(Working data Opens)
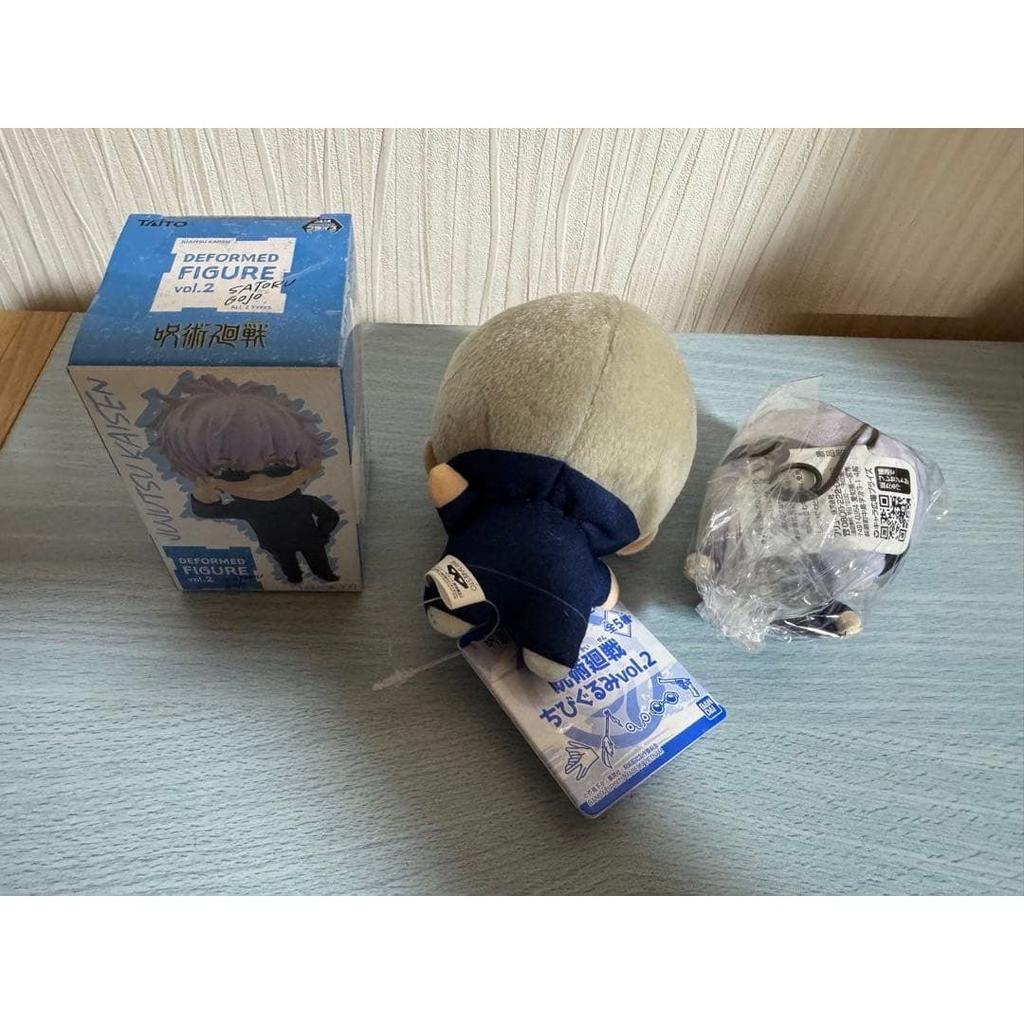 Individual sales availableJujutsu Kaisen mascot plush toy set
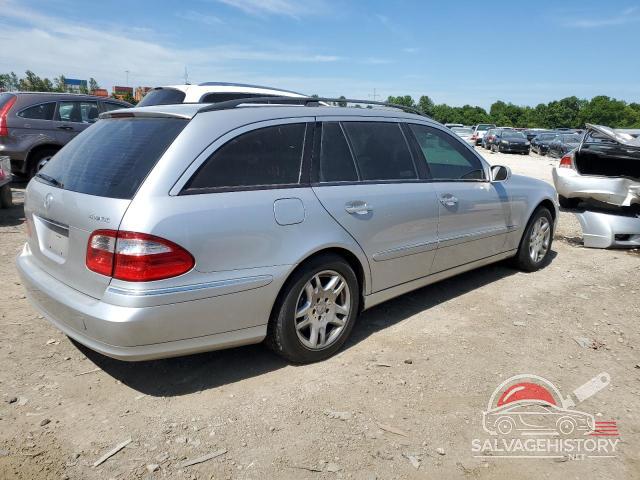 WDBUH82J04X117233 2004 MERCEDES-BENZ E-CLASS photo no. 3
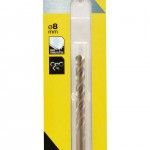 Broca de Cobalto HSS-E  8mm ref STA50127-QZ STANLEY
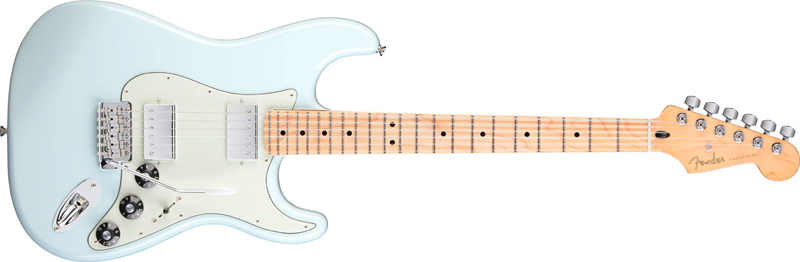 Fender Blacktop Stratocaster HH MN SNB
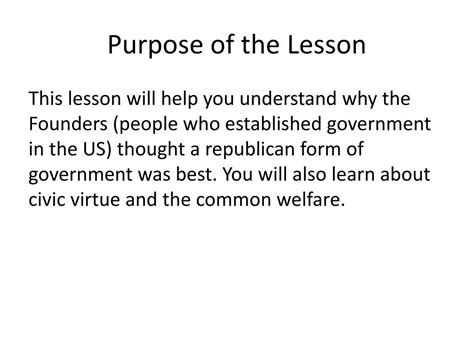 Ppt What Is A Republican Government Powerpoint Presentation Free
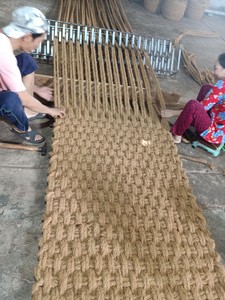 PRIX EN GROS DE QUALITÉ SUPÉRIEURE ÉCOLOGIQUE EN GROS QUANTITÉ EN VRAC COCO COIR MAT DE BLEU LOTUS VIETNAM 2023 - Product Image 4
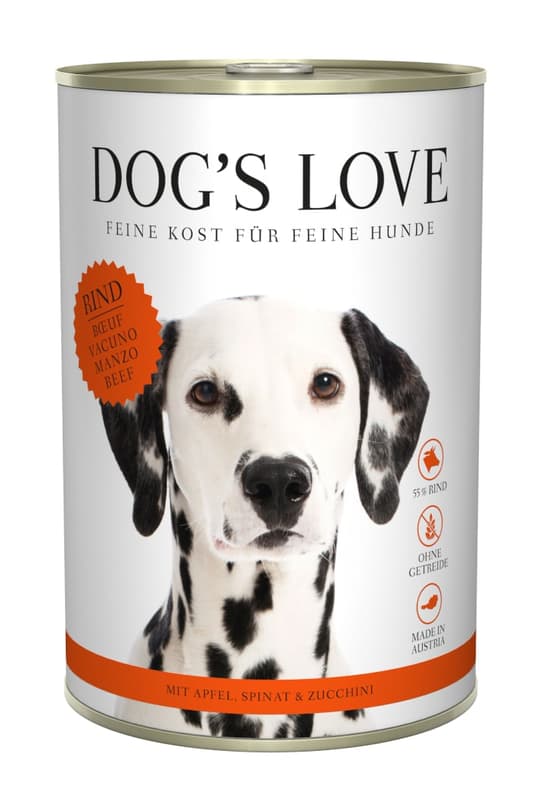DOG'S LOVE ADULT Beef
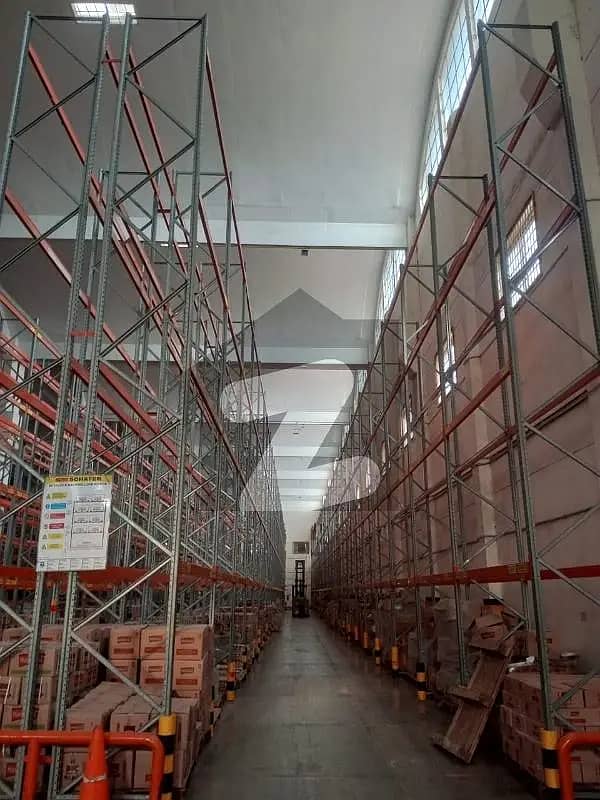 Ideal 40000 Square Feet Warehouse For Rent At FIEDMIC For Big Storage 36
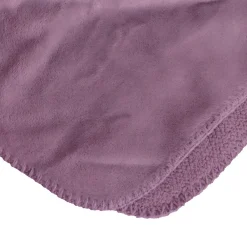 Couverture plaid violette 130x170cm SMOOTHY -><noscript><img width=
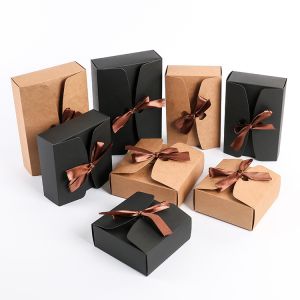 Buy cheap Square Paper Sweet Box Degradable Eco - Friendly Material With Ribbon from wholesalers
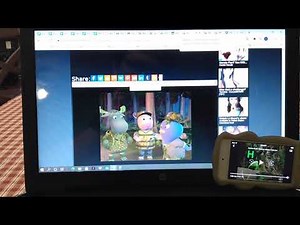 The Backyardigans The Swamp Creature Pablo Freak Out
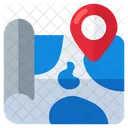 Map Location Direction Icon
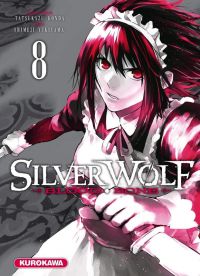  Silver wolf Blood bone T8, manga chez Kurokawa de Konda, Yukiyama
(Working data Closes)
Repeat all the data as it stands, dropping any images it holds.

### [Result of the task]
 Individual sales availableJujutsu Kaisen mascot plush toy set
 WDBUH82J04X117233 2004 MERCEDES-BENZ E-CLASS photo no. 3
 Broca de Cobalto HSS-E  8mm ref STA50127-QZ STANLEY
 Fender Blacktop Stratocaster HH MN SNB
 Ppt What Is A Republican Government Powerpoint Presentation Free
 PRIX EN GROS DE QUALITÉ SUPÉRIEURE ÉCOLOGIQUE EN GROS QUANTITÉ EN VRAC COCO COIR MAT DE BLEU LOTUS VIETNAM 2023 - Product Image 4
DOG'S LOVE ADULT Beef
 Ideal 40000 Square Feet Warehouse For Rent At FIEDMIC For Big Storage 36
 Couverture plaid violette 130x170cm SMOOTHY -><noscript><img width=
 Buy cheap Square Paper Sweet Box Degradable Eco - Friendly Material With Ribbon from wholesalers
 The Backyardigans The Swamp Creature Pablo Freak Out
 Map Location Direction Icon
  Silver wolf Blood bone T8, manga chez Kurokawa de Konda, Yukiyama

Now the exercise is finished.